Qassim Daoud, minister of state for national security, told reporters that Mr. Loheibi had met with Mr. Zarqawi more than 40 times over the last three months. The two other men captured were Anad Muhammad Qais, described as Mr. Zarqawi's military adviser, and Ali Hamad Yassin al-Issawi.
Barem Saleh, the deputy foreign minister, said his government was getting close to capturing or killing Mr. Zarqawi himself.
"We are getting close to finishing off al-Zarqawi, and we will get rid of him," Mr. Saleh told reporters.
Not only is this information stuck where it's virtually impossible to find, it's also undermined:
Still, apart from the assurances of the Iraqi leaders, it was not immediately clear how important the suspected militants were, or whether their capture would slow down the insurgency. Iraqi leaders have claimed to have captured senior members of Mr. Zarqawi's ring before, and his murderous campaign has rolled on.
Well, thanks, but whose opinion, exactly, is that?
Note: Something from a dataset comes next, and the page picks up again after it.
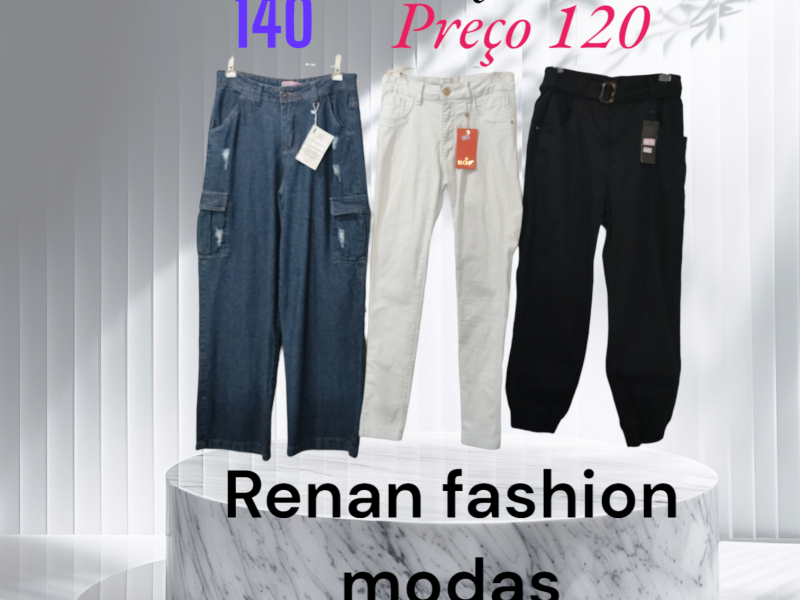 Calças jeans femininas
Because one of the reasons it's dangerous for reporters to insert their own opinions into articles is that they don't feel compelled to insert any opposite opinions for balance, seeing their own opinions as simply neutral statements of fact.
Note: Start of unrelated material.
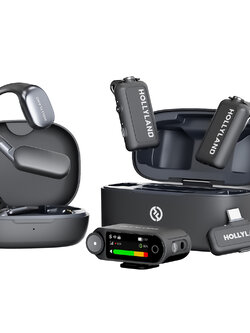 Hollyland LARK MAX 2 Ultimate Combo -Wireless Microphone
But then, when even the hardiest of souls will likely have given up, since we're now into other topics, so surely any information on voter turnout must already have been presented, we come to the very end of the article:
At Bouratha Mosque in northern Baghdad, Sheik Jalal al-Sajhir, who is also a Shiite candidate for the national assembly, told his followers to go to vote Sunday no matter what their fears.
"The day of our victory will be Sunday," Sheik Sajhir told about 1,000 people assembled before him. "We are going to show the terrorists that their car bombs are not stronger than our belief."
He urged Iraqi women to vote, and to overcome not just their fears of violence, but their husbands as well.
"Give your voice, even if your husbands refuse you," he said.
Even some Sunni clerics urged their followers to go forward to the polls. Breaking with most of his fellow Sunni clerics, who have called for a boycott of the election, a cleric at one of the most anti-American mosques in the city told his followers to vote for the best candidate.
"The national assembly is going to happen," said Sheik Moayed al-Adami, imam at Abu Hanifa Mosque in the Sunni neighborhood of Adhamiya, according to Agence France-Presse.
Sheik Adami seemed to allude to the prospect of Shiite dominance, which, he suggested, could be countered only by voting. .
"Our rights have been damaged," he said. "The elections must be of benefit to all and not to one group and or one party."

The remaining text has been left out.